BEGIN Supplied records

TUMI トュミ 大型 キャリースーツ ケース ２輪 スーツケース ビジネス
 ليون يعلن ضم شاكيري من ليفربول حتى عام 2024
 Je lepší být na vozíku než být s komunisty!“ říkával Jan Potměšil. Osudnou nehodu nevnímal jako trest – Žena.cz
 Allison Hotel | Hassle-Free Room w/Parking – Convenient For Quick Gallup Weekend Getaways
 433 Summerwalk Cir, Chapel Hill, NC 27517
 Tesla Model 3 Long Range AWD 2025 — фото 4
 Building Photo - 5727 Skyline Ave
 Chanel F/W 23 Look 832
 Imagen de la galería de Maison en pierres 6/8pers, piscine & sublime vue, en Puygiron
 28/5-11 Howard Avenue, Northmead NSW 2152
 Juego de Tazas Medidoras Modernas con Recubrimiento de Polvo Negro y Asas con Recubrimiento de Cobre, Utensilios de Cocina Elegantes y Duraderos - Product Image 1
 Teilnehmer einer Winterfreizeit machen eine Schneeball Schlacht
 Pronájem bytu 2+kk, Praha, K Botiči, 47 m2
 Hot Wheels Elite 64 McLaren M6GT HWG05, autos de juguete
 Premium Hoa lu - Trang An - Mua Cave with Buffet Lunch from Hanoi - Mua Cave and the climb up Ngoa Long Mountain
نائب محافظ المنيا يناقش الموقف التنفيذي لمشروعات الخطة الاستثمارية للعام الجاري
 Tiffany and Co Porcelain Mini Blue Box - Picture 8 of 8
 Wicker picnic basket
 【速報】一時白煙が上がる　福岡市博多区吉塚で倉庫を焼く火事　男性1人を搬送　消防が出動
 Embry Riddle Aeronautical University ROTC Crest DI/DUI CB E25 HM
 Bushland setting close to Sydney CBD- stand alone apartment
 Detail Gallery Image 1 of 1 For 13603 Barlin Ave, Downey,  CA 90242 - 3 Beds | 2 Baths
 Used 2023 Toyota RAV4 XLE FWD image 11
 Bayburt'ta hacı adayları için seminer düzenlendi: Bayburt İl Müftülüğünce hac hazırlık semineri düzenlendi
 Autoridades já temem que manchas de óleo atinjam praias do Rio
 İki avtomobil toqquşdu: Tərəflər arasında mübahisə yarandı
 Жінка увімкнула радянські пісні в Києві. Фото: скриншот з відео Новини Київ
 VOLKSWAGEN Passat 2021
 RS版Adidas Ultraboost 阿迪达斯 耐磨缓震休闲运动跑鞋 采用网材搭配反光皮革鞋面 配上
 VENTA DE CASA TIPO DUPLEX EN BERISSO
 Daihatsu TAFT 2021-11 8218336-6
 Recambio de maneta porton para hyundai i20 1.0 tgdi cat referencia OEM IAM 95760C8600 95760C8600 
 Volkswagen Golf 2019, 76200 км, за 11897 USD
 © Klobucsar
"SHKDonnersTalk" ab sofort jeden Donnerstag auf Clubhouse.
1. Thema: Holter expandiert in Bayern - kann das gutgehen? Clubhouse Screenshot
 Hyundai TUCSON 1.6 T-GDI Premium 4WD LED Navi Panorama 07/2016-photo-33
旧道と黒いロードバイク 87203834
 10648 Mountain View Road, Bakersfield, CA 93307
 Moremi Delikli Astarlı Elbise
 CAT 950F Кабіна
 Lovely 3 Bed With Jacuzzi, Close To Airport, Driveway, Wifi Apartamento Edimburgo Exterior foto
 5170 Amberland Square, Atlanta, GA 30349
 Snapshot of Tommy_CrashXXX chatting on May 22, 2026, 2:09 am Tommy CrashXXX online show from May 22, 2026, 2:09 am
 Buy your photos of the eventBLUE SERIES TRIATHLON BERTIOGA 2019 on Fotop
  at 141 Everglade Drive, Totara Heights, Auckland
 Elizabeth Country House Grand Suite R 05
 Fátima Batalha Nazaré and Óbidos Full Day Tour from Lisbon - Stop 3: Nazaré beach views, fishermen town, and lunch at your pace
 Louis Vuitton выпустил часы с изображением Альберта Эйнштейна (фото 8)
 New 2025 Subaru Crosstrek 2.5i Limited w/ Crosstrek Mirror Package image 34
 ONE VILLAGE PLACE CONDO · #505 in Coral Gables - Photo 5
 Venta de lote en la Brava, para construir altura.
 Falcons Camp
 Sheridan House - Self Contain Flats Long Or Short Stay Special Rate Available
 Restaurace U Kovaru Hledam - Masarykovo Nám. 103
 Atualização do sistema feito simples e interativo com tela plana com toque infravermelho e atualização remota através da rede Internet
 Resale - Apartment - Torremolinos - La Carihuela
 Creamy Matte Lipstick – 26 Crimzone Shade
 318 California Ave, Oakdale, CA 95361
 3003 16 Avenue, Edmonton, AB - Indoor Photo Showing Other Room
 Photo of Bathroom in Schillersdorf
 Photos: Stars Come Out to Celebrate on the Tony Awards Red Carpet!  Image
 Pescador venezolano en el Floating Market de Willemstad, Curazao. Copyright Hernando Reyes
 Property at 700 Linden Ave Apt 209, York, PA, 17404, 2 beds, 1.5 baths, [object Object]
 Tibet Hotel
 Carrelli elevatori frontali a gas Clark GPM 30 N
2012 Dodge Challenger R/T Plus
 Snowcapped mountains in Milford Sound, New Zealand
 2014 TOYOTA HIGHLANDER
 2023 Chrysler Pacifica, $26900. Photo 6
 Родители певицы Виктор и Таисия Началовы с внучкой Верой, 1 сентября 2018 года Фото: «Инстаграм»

END Supplied records

--- Your instructions ---
Whenever a line of the entries contains "Avenue", it counts toward the total; state that total alone.

--- Worked solution ---
2